>>>

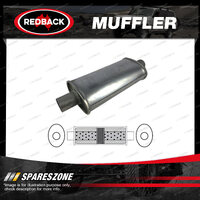 Redback Universal Muffler - 8" x 4" Oval 14" Long 2" Centre/Centre Chambered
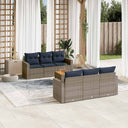 vidaXL 7-delige Loungeset met kussens poly rattan zwart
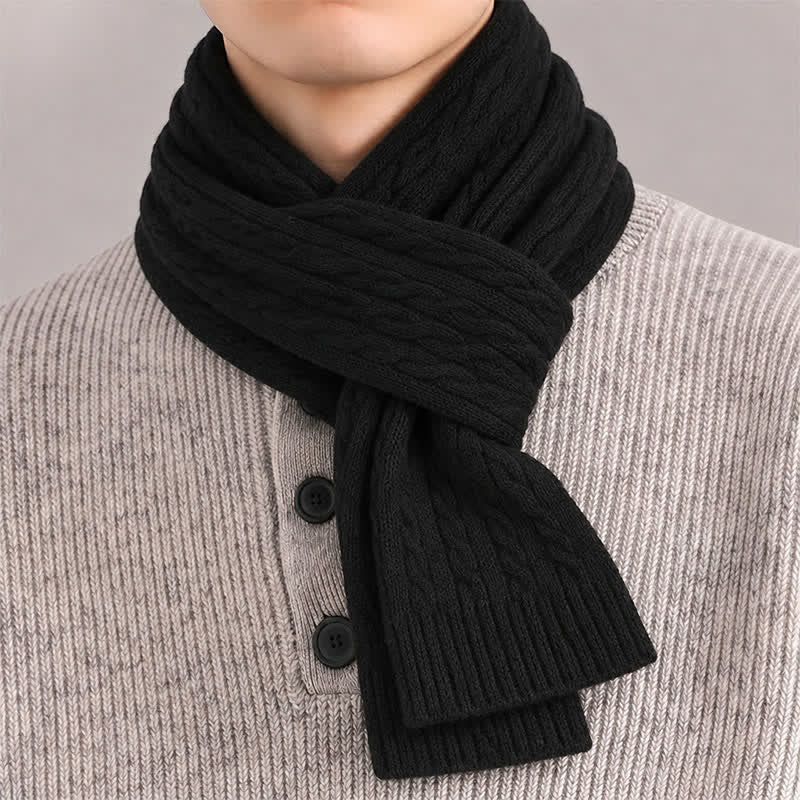 Buddha Stones Bufanda clásica de punto trenzado para hombre, ideal para otoño e invierno. - image 7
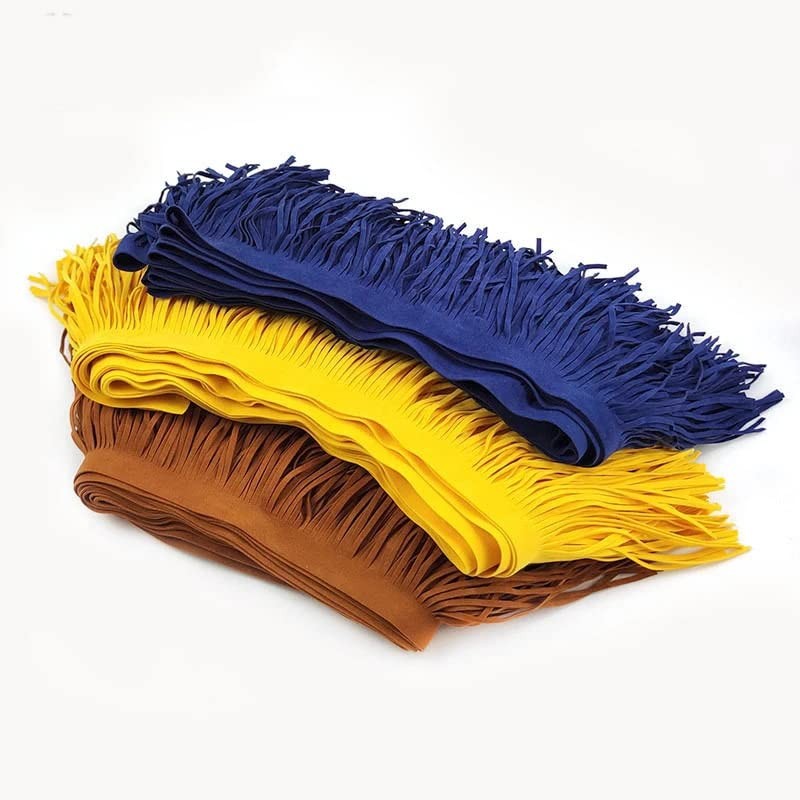 Yalulu 2 Meter Double Side Leather Suede Tassel Fringe Trims,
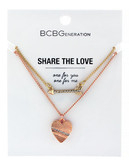 Bcbgeneration Share the Love One for You One for Me Gold and Rose Gold Plated Glass Heart and Arrow 16 Inch Neckla - Two Tone Colour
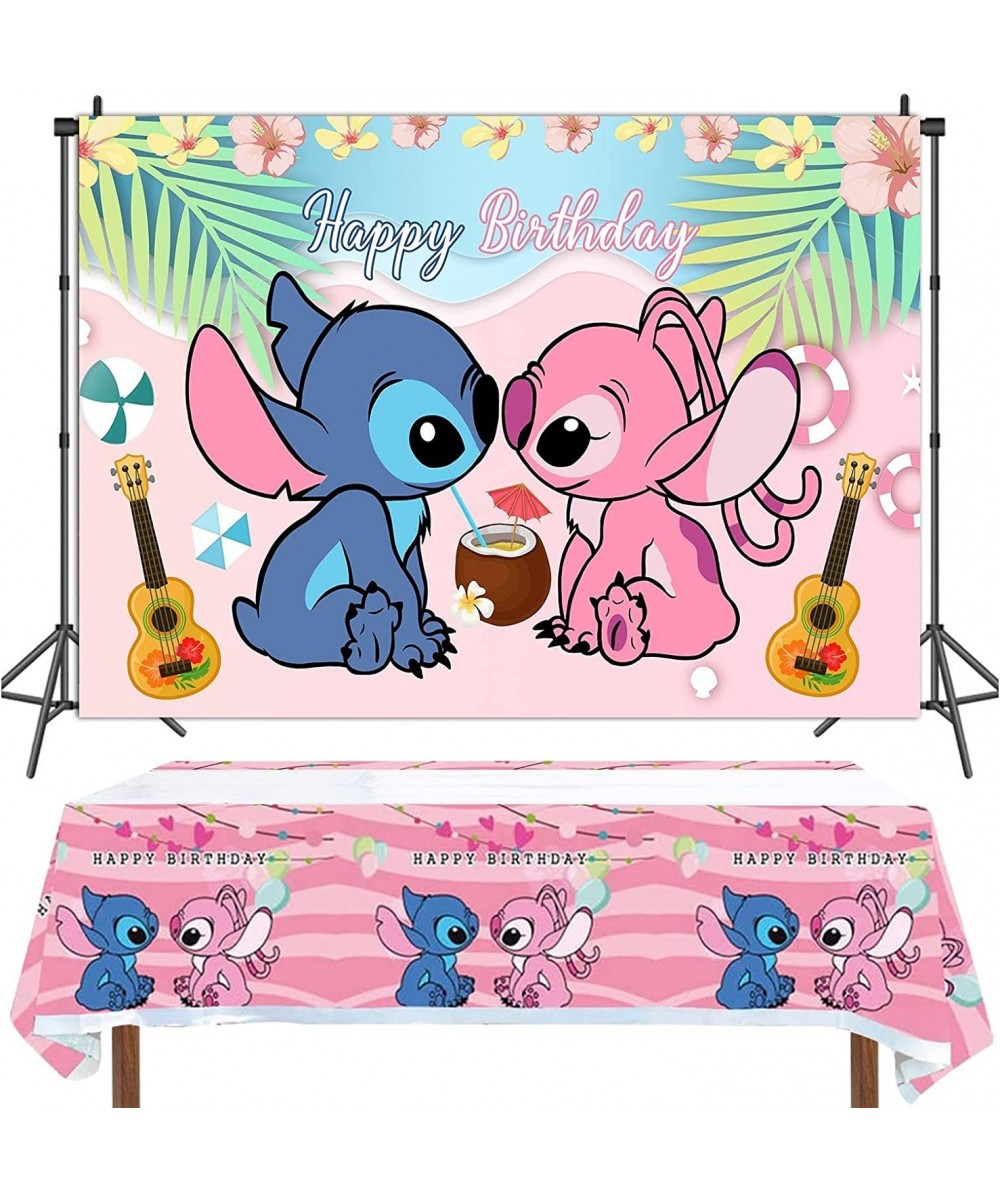 Pink Cartoon Themed Backdrop with Tablecloth for Girls Birthday Party Decorations Supplies 5x3ft $27.37 - Kids' Party Tableco...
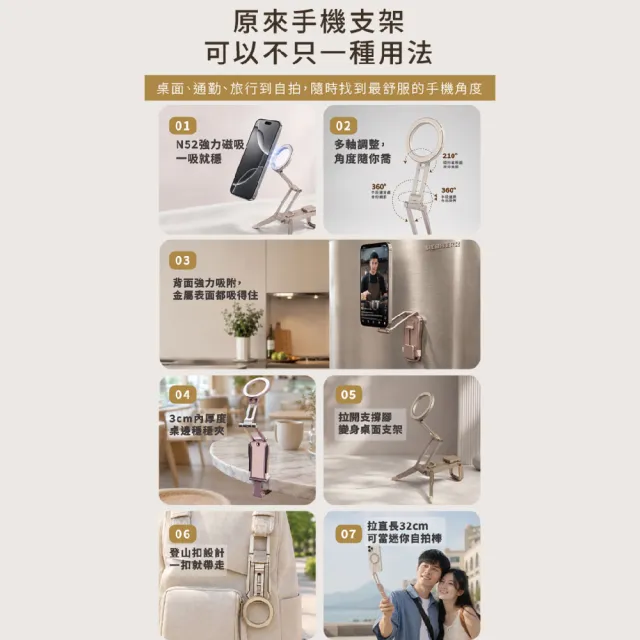【MAGIPEA】美極品 隨扣磁吸架( N52強力磁吸｜可立可夾｜迷你自拍棒｜旅行隨身手機架｜手機支架｜旅行必備)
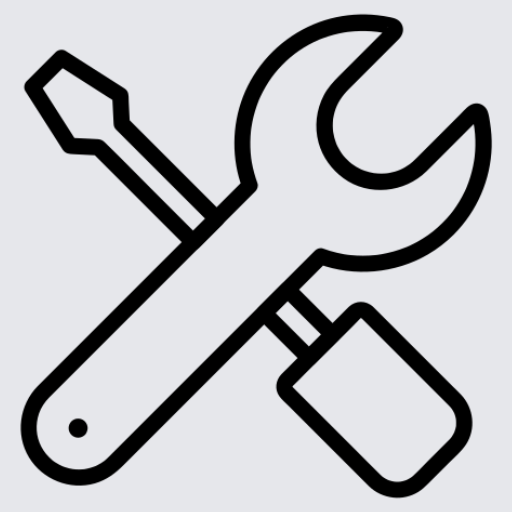 Outline icon of a screwdriver and a wrench crossed together.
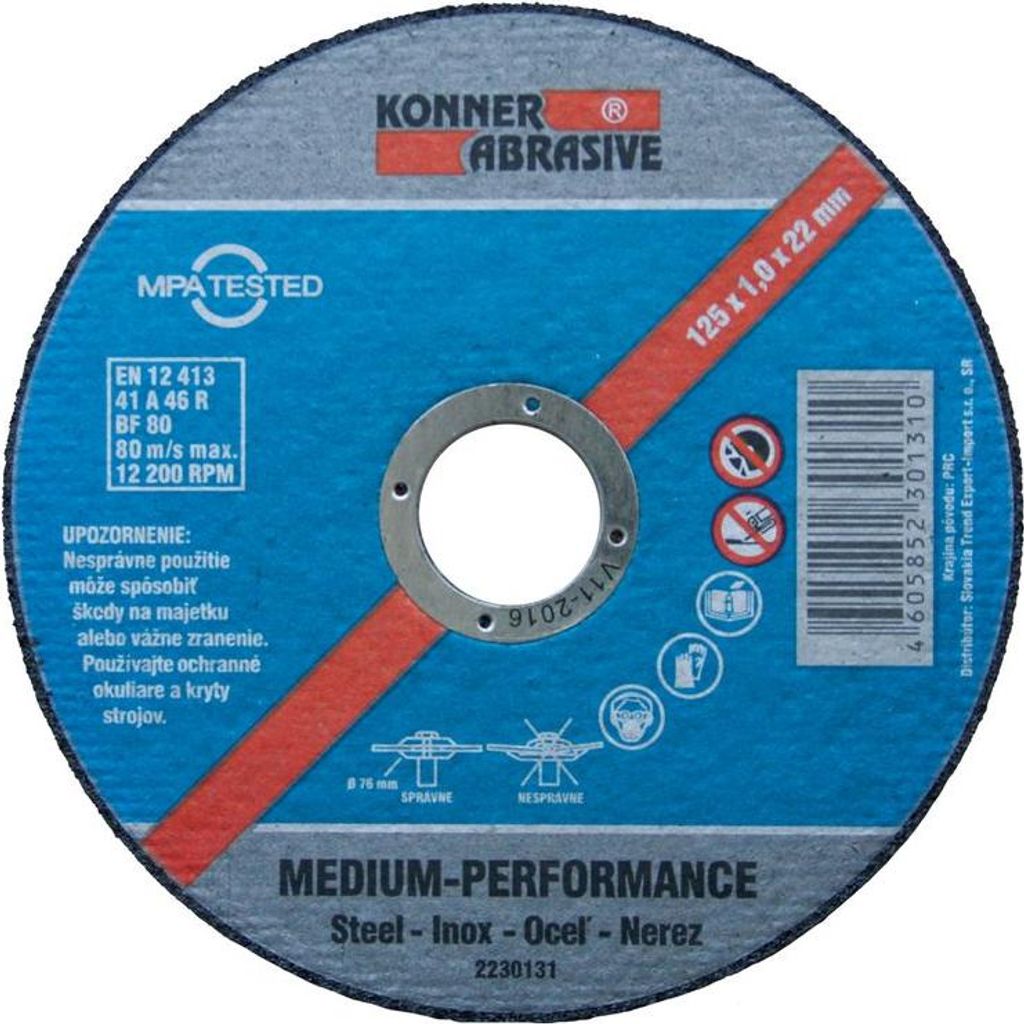 Scheibe KONNER D603 125x1,0x22 mm, Trennscheibe für Metall
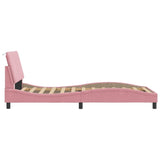 Cadre de lit sans matelas rose 100x200 cm velours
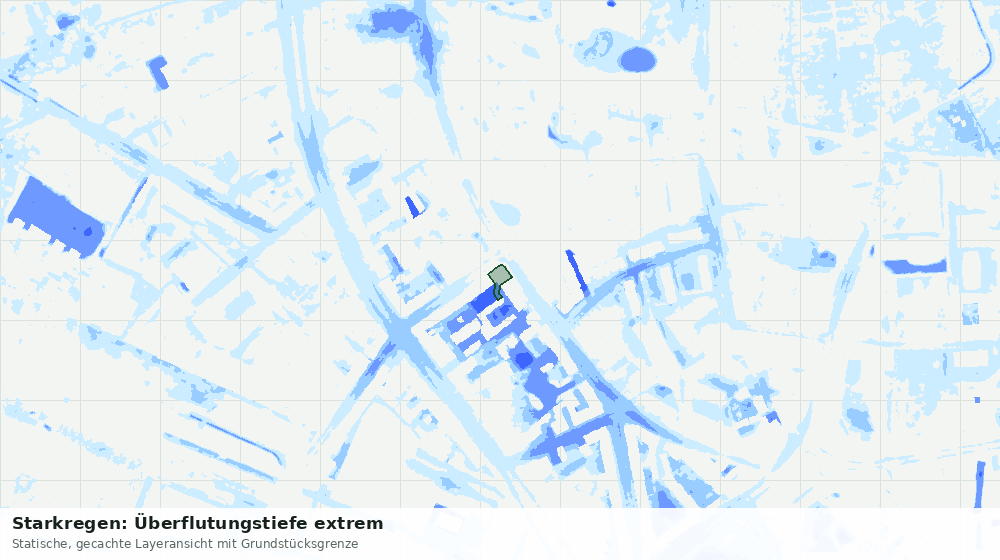 Statische Kartenansicht: Starkregen: Überflutungstiefe extrem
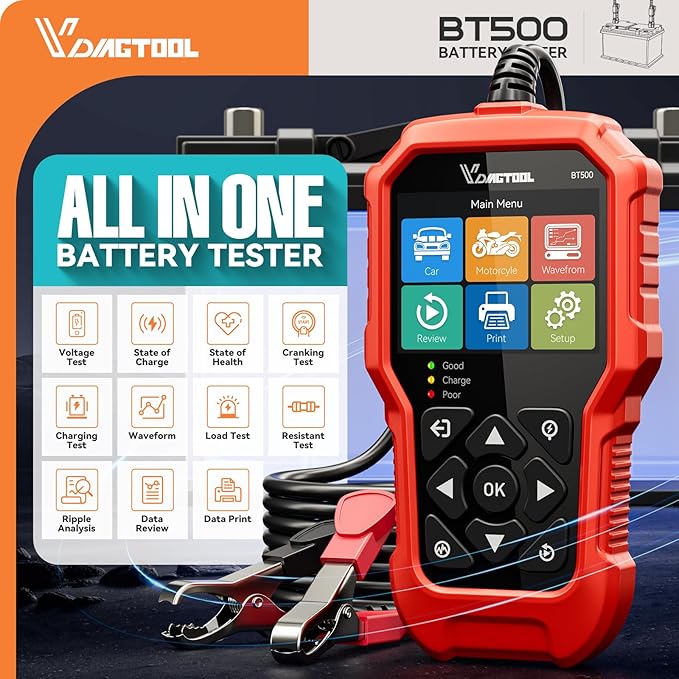 Car Battery Tester 6V 12V 24V VDIAGTOOL BT500, 5-3000 CCA Battery Load Tester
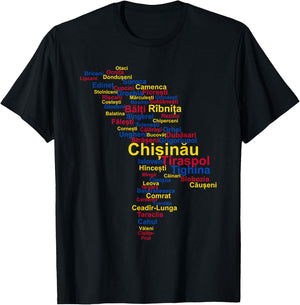 Moldova Outline, Moldova Travel, Moldova Flag, Moldova T-Shirt - T-Shirt | Black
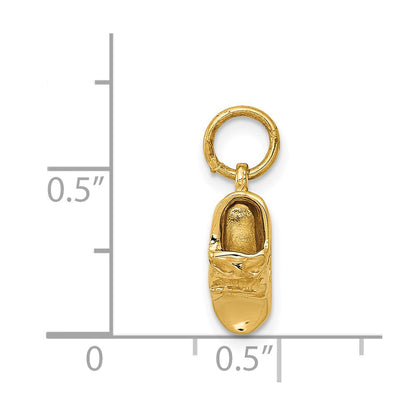 14k Yellow Gold 14k  3D Single Baby Shoe Charm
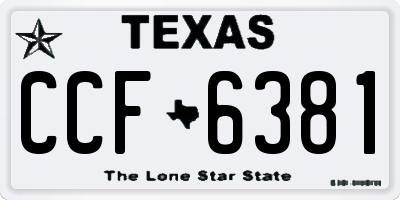 TX license plate CCF6381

<<<

#### [ASSIGNED TASK]
Repeat the material verbatim. Do not carry over any picture.

#### [TASK SOLUTION]
 Redback Universal Muffler - 8" x 4" Oval 14" Long 2" Centre/Centre Chambered
 vidaXL 7-delige Loungeset met kussens poly rattan zwart
 Buddha Stones Bufanda clásica de punto trenzado para hombre, ideal para otoño e invierno. - image 7
 Yalulu 2 Meter Double Side Leather Suede Tassel Fringe Trims,
 Bcbgeneration Share the Love One for You One for Me Gold and Rose Gold Plated Glass Heart and Arrow 16 Inch Neckla - Two Tone Colour
 Pink Cartoon Themed Backdrop with Tablecloth for Girls Birthday Party Decorations Supplies 5x3ft $27.37 - Kids' Party Tableco...
【MAGIPEA】美極品 隨扣磁吸架( N52強力磁吸｜可立可夾｜迷你自拍棒｜旅行隨身手機架｜手機支架｜旅行必備)
 Outline icon of a screwdriver and a wrench crossed together.
 Scheibe KONNER D603 125x1,0x22 mm, Trennscheibe für Metall
 Cadre de lit sans matelas rose 100x200 cm velours
 Statische Kartenansicht: Starkregen: Überflutungstiefe extrem
 Car Battery Tester 6V 12V 24V VDIAGTOOL BT500, 5-3000 CCA Battery Load Tester
 Moldova Outline, Moldova Travel, Moldova Flag, Moldova T-Shirt - T-Shirt | Black
 14k Yellow Gold 14k  3D Single Baby Shoe Charm
 TX license plate CCF6381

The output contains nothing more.